Sharp, disciplined, and seriously compelling stuff from the Brooklyn band.
Chris Power 2012
When they play live, Here We Go Magic’s intricately constructed indie-pop often spins off into extended, ecstatic jams, clearly descended from the Grateful Dead and Quicksilver Messenger Service. But where those bands looked back to blues and 1950s rock‘n’roll, stretching it until it took on mythic proportions, HWGM are like a late-60s psychedelic band dreaming their way towards the perfected machine-like repetitions of Krautrock.
It was the band’s live show, even at its most ragged, one hungover morning at Glastonbury 2010, that caught the ear of Radiohead producer Nigel Godrich, and it’s that counterfactual retro sensibility – “a 60s version of science fiction”, in bandleader Luke Temple’s description – that infuses the sharply focused songs on A Different Ship. That decade’s stamp is most discernible on the Latin-inflected melody of the menace-fringed title-track, which taps the same vein of anxious psychedelia running through Love’s Forever Changes.
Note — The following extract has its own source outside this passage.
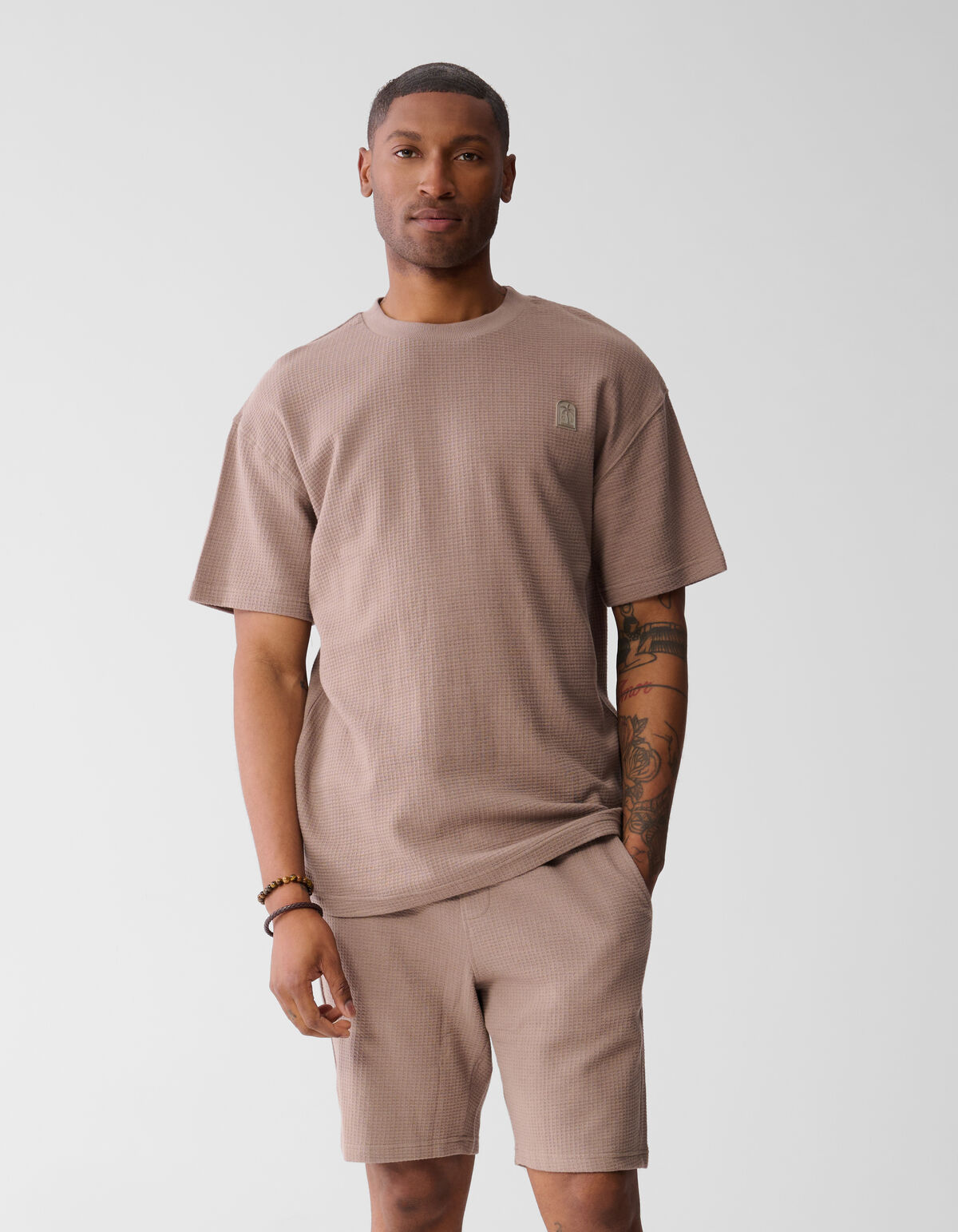 T-shirt mit Waffelstruktur Hellbraun SHOEBY MEN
Anxiety of various kinds presides over the album, with every song taking sides in a debate on the credits and debits of intimacy. Hard to Be Close quickly establishes the theme, the melody’s unexpected shift from major to minor amplifying the lyric’s push and pull between intimacy and isolation.
The tussle continues throughout, Alone But Moving asserting an independence that’s immediately undercut by the lines from I Believe in Action: “Nobody wants to live in the middle / Cos nobody wants to be left alone.” This song exemplifies the sonic clarity Godrich has brought to A Different Ship: a trancelike wave rises from a chicken-scratch riff and crests in a buzzing synth chord, the song embodying its message by performing a single, smooth transition, then ending.
Make Up Your Mind is similarly direct, its fusion of motorik funk, chanted vocals and synth splashes recalling the calibrated techno-pop of Yello; and this impressive detailing is even more noticeable in the album’s quieter passages.
A Different Ship is far from a break with HWGM’s past – the final track recedes into the sort of drone that punctuated their 2009 debut, while How Do I Know is another Neu!-go-pop gem in the manner of Collector from Pigeons (2010) – but it is a reconfiguring that accentuates their strengths.
Played live these songs will metastasise into expansive jams, and will sound great when they do, but here and now they’re sharp, disciplined, and seriously compelling.